Cedar River Named One of America’s Most Endangered Rivers for 2010

Outdated flood management threatens public safety

June 2nd, 2010

Shana Udvardy, American Rivers, (404) 347-7550
Sean McMahon, The Nature Conservancy, (515) 244-5044
Susan Heathcote, Iowa Environmental Council, (515) 244-1194 x 205
Rosalyn Lehman, Iowa Rivers Revival, (515) 202-7720

Washington, DC — Flood risk along Iowa’s Cedar River is growing, and outdated flood management is putting public safety and the river’s health at risk. This threat landed the Cedar in the number five spot in America’s Most Endangered Rivers™: 2010 edition, produced by American Rivers.

“Unless decision makers and communities along the Cedar River embrace 21st century natural flood management solutions, public safety and the river’s health will continue to be compromised,” said Rebecca Wodder, president of American Rivers.

American Rivers called on Congress and the Iowa legislature to work with the Army Corps of Engineers to prioritize lower cost, non-structural flood management solutions in the Cedar River Basin. Natural, non-structural flood management solutions, like protecting wetlands and restoring floodplains, are cost-effective and can have multiple benefits.

“We have an opportunity to learn from the devastating floods of 1993 and 2008 and rebuild smarter and stronger. We need to incorporate non-structural, natural solutions that provide flood protection, improve water quality, enhance fish and wildlife habitat, and provide recreational opportunities and economic benefits to local communities,” said Sean McMahon, state director of The Nature Conservancy in Iowa.

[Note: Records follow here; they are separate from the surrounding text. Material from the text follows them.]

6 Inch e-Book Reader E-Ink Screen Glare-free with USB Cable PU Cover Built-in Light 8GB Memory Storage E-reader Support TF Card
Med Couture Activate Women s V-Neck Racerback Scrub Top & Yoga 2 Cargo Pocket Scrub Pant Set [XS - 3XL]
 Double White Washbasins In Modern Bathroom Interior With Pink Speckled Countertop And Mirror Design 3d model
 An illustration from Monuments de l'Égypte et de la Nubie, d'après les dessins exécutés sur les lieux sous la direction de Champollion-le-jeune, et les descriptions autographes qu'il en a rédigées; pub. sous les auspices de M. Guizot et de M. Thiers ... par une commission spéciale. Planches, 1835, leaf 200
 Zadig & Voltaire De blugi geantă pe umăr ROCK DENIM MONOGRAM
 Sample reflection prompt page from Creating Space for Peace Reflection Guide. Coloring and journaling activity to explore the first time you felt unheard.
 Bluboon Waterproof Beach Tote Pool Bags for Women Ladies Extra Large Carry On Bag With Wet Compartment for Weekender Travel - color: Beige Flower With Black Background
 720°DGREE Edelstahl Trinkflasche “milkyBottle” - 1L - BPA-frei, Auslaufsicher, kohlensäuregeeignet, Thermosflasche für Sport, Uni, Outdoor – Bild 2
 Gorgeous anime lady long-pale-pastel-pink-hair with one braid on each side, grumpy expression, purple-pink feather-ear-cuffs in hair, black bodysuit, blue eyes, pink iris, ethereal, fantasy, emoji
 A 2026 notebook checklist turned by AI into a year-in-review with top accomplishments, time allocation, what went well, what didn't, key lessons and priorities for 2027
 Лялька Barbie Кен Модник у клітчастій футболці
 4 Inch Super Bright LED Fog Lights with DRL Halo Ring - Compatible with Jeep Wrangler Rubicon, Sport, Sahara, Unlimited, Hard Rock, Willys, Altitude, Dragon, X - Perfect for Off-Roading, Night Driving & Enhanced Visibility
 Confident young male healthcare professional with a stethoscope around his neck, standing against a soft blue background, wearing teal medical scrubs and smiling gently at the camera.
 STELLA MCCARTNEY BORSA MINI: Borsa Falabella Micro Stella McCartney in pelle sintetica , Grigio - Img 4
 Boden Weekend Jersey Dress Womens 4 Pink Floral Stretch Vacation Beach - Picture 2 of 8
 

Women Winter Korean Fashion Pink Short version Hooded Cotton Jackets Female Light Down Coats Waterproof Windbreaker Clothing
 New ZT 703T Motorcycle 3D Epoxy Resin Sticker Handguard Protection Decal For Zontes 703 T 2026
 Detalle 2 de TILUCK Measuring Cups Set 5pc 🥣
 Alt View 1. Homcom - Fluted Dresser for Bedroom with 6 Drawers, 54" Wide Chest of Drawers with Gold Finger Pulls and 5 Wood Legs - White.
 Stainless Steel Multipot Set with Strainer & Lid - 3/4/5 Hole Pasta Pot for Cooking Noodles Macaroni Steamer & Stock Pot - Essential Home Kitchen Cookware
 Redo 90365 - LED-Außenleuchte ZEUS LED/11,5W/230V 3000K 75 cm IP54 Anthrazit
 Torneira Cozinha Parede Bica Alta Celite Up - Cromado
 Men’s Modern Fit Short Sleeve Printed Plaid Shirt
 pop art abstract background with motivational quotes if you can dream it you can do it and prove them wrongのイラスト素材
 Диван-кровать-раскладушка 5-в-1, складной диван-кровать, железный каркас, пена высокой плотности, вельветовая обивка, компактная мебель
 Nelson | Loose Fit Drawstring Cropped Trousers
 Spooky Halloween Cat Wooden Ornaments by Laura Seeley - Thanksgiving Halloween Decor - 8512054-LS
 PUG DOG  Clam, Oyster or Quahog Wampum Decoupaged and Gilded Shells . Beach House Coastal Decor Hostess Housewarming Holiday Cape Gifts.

“It is time for Iowans to insist that state and federal flood protection policies work to reduce flood damage by moving people and structures out of harms way, allowing the flood plain to perform its natural function to absorb and slow the river’s flow during future floods,” said  Susan Heathcote with Iowa Environmental Council

“The newly-organized Cedar River Watershed Coalition has recognized the need to take a holistic approach to watershed management by reaching across city and county jurisdictions to take a whole watershed approach to flood mitigation and river restoration.  This innovative group of concerned individuals and communities is committed to working together to reduce the impacts of flooding in the watershed and to improve water quality in the Cedar River,” said Rosalyn Lehman with Iowa Rivers Revival.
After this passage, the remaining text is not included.